Suponha que um pai de família resolva proporcionar dias mais felizes para os seus e decida usar os limites de crédito que dispõe para levar uma vida de rico. Ele começa com aquelas linhas de crédito baratos (para os padrões brasileiros, que fique claro) disponíveis para quem está com o nome limpo na praça. Com o dinheiro troca o carro apertado por um maior e leva os rebentos para Disney. Depois da viagem em família é hora de uma segunda Lua de Mel, em Paris, é claro.
Como o banco tem uma linha especial para crédito imobiliário ele resolve comprar um apartamento amplo com suíte para o casal e para cada um dos dois filhos, a quarta suíte fica para quando os parentes quem moram longe forem visitá-lo. Entrada de 10% do valor do imóvel financiada em dez vezes com a primeira a perder de vista. Naturalmente o apartamento novo não pode ficar com a mobília velha e o feliz pai de família compra móveis novos. Tanta coisa boa merece uma comemoração e a família vai fazer um passeio cultural na Europa.

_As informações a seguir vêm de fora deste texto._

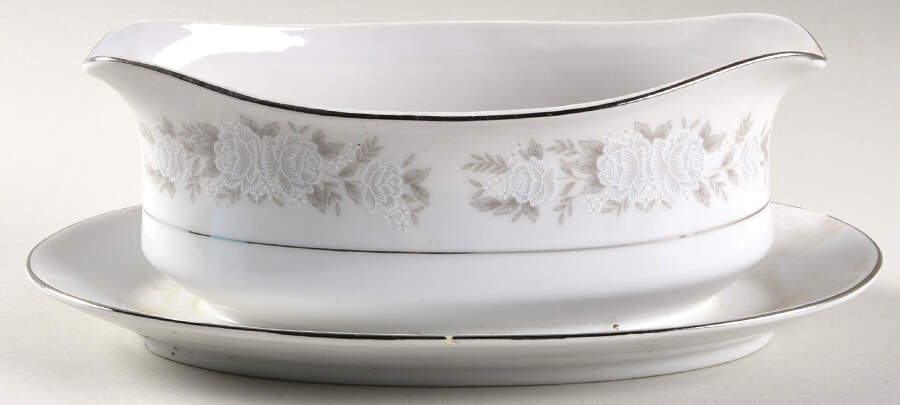 Adele Gravy Boat with Attached Underplate by Fine China of Japan-1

Por incrível que pareça boa parte da classe média alta, a velha classe média, pode fazer aventura semelhante. Se você tem renda familiar acima de, digamos, R$ 15.000 e não está endividado provavelmente tem limite de crédito suficiente para dar entrada em um bom apartamento, trocar de carro, fazer as viagens descritas e ainda mobiliar o apartamento novo. A questão é como você vai ficar depois da festa.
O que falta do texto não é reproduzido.